Senin, 04 Agustus 2008

Sebuah Pelajaran yang Berharga

Untuk kali kedua mantan wali kota Surakarta Slamet Suryanto kesandung masalah hukum. Belum lagi tuntas kasus dugaan korupsi perubahan APBD 2004, kini ia resmi menjadi tersangka kasus dugaan korupsi pengadaan buku pelajaran. Berdasarkan hasil penyidikan yang bersangkutan berperan aktif menyetujui prpyek itu pada tahun 2003 yang diduga menyimpang dan menyebabkan kerugian negara Rp 3,7 miliar. Kasus itu juga telah menyeret beberapa pejabat dan mantan pejabat. Antara lain mantan sekda; mantan kepala Dinas Pendidikan, Pemuda, dan Olahraga; kepala dinas yang masih aktif, serta pemimpin proyek.

Berita tersebut mungkin menjadi teramat biasa karena masyarakat sudah sering membaca atau menyimak kasus-kasus serupa. Contohnya beberapa anggota DPRD Banyumas terpaksa masuk penjara karena terbukti mengorupsi APBD. Ada pula bupati yang harus menjadi pesakitan karena menyelewengkan anggaran untuk kepentingan pribadi. Korupsi bagai lingkaran setan tak berujung. Korban-korbannya berjatuhan tak henti-henti. Otonomi daerah yang memberi kewenangan begitu besar kepada para kepala daerah sering menjadi kambing hitam. Ada yang bilang sekarang korupsi pindah dari pusat ke daerah.

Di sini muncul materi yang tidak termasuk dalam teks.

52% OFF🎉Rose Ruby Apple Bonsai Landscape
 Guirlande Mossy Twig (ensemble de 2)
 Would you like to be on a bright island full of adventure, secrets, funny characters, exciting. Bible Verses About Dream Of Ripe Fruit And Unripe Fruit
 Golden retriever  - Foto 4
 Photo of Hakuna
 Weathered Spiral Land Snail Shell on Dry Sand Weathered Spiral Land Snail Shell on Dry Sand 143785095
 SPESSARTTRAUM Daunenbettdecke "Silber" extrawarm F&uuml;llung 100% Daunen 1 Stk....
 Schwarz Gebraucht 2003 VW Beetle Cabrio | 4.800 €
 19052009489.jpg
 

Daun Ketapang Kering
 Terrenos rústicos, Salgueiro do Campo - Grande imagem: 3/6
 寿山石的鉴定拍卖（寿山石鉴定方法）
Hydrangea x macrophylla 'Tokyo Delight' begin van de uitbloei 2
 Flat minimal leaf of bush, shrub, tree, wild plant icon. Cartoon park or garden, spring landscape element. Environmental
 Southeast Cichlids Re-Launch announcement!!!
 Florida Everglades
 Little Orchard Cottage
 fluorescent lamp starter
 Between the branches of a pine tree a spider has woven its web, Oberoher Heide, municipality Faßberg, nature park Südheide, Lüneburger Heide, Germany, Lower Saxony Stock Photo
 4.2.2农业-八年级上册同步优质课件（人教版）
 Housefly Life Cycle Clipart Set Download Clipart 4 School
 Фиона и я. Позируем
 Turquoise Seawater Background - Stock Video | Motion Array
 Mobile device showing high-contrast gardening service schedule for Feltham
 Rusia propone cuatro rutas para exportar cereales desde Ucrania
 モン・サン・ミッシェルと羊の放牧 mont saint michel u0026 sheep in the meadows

Pertanyaannya adalah kenapa para pejabat di daerah baik eksekutif maupun legislatif tak mau belajar dari kasus yang menimpa rekan-rekan mereka. Setelah kasus korupsi di suatu daerah mencuat, tidak lama kemudian disusul daerah lainnya. Begitu seterusnya. Mereka seperti tak kapok untuk mencoba mengakali keuangan daerah untuk menguntungkan diri sendiri serta kelompoknya. Bahkan banyak yang merasa tidak pernah melakukan korupsi. Dalam bahasa mereka yang terjadi hanya kesalahan prosedur atau kekeliruan administrasi. Begitu gampang orang-orang itu berkilah setelah makan anggaran yang menjadi hak rakyat.

Kita menginginkan ke depan tak lagi ada kepala daerah, para pejabat, serta wakil rakyat yang terhormat menjadi pesakitan akibat keteledoran mereka. Sudah cukup kasus-kasus sebelumnya sebagai pelajaran sangat berharga. Tak ada gunanya mengulang kebodohan yang akan menurunkan citra, harga diri, dan kehormatan. Menjadi pemimpin atau pejabat merupakan amanah. Memimpin adalah melayani, bukan mengakali rakyat. Jika mengkhianati rakyat yang telah menyerahkan kepercayaannya, tentu ada risiko-risiko yang mesti ditanggung. Paling tidak rasa hormat akan meluntur, bahkan bisa menjadi sebuah kebencian.

Seharusnya ada efek jera setelah melihat betapa menyedihkan para pejabat yang tersandung perkara pidana, khususnya korupsi. Dulu mungkin begitu disanjung dan disegani oleh masyarakat dan bawahannya. Setelah menjalani hidup di bui dan kembali menjadi orang biasa keadaan sudah lain. Barangkali mereka yang pernah dekat akan menjauh. Itu suatu siksaan psikologis tersendiri yang terasa amat pedih. Namun ada pula yang seperti kebal atau malah bebal. Orang-orang seperti itu tak pernah merasa bersalah, apalagi berupaya memperbaiki diri. Bagi mereka, uang adalah segalanya, termasuk untuk membeli kehormatan.

Kini muncul wacana hukuman mati bagi koruptor di samping hukuman sosial berupa pengucilan dari pergaulan. Semestinya itu menjadi peringatan dini bagi mereka yang punya niat untuk melakukan tindak pidana korupsi ketika menduduki posisi strategis, jabatan tertentu, atau pemimpin. Euforia menjadi raja-raja kecil di daerah sudah saatnya diakhiri. Kekuasaan dan kewenangan yang terlalu besar memang cenderung korup. Rakyat dan lembaga-lembaga yang berfungsi sebagai kontrol harus menjalankan perannya. Jangan lagi ada orang-orang terhormat terpeleset karena menyalahgunakan posisinya untuk kepentingan pribadi.